Если бы здесь присутствовали присяжные, они бы поверили старине Барту безоговорочно, с первого взгляда — хотя бы потому, что человек, носящий имя одного из двенадцати апостолов, просто не способен лгать.
Ну, разве что Иуда Искариот. В наше время присяжными бывают и женщины, но во времена нашей с тобой юности, Мэгги, жюри состояло исключительно из мужчин. Возьмем присяжными Эндрю, Бартоломью, Джеймса, (точнее, двоих Джеймсов), Джона, Таддея, Маттиаса, Филиппа, Питера, Симона, Томаса — упомянем скромно, что среди них встречается и Мэттью, — и вот мы имеем, ребята, суд "двенадцати добрых и честных людей".[1]

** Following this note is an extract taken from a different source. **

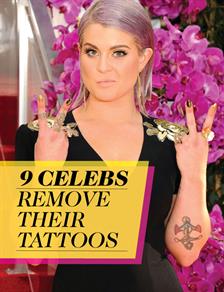 Celebs Remove Their Tattoos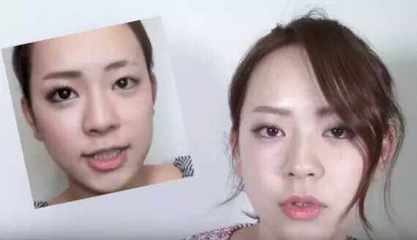 整容双眼皮的危害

Не говоря уже о Павле, который видел воскресшего Господа, и был поэтому причислен к апостолам и сподобился святости.
Но никто из присяжных не слушал, что рассказывал Бартоломью Харродв субботу, шестнадцатого сентября, сидя под ярким сентябрьским солнцем. Мы сидели на открытом воздухе, вокруг круглого столика с пластиковой крышкой и гнутыми металлическими ножками. Мы — это я, сам Харрод и Эндрю Холмс, один из служащих нашей конторы, к которому должно будет перейти дело Камминс, если я не выдержу столь тяжкого испытания.
Вот вам уже три добрых и честных человека. Хотя какое имеет значение, что они — тезки апостолов?
Я позвонил Харроду сразу же после того, как ушел от Лэйни. Я сказал, что я представляю интересы мисс Камминс, что его имя мне дал прокурор Фолгер, и что я уверен, что мистер Харрод предполагал, что я постараюсь как можно скорее связаться с ним. Я сказал Харроду, что если бы он согласился прийти ко мне в контору или назвать место, где ему удобно было бы со мной встретиться, мы могли бы поговорить о тех показаниях, которые он дал большому жюри, и это избавило бы его в дальнейшем от возможных неприятностей при перекрестном допросе.
Последнее утверждение было откровенной ложью, но иногда она помогает повлиять на свидетелей, не желающих идти навстречу.
Впрочем, гораздо лучший результат дал прием, условно именуемый "Прекрасная Америка": речь, основанная на предпосылке, что каждый гражданин Соединенных Штатов имеет право на справедливый суд. Я выразил уверенность, что в интересах правосудия — да избавит его Бог, конечно, но мистер Харрод понимает, что он и сам может когда-нибудь оказаться в подобной ситуации, — так вот, он, конечно, понимает, что интересы свободы, правосудия и всякого такого требуют, чтобы представителям защиты было известно, благодаря каким данным большое жюри приняло именно такое решение, и для этого его показания оказали бы неоценимую помощь.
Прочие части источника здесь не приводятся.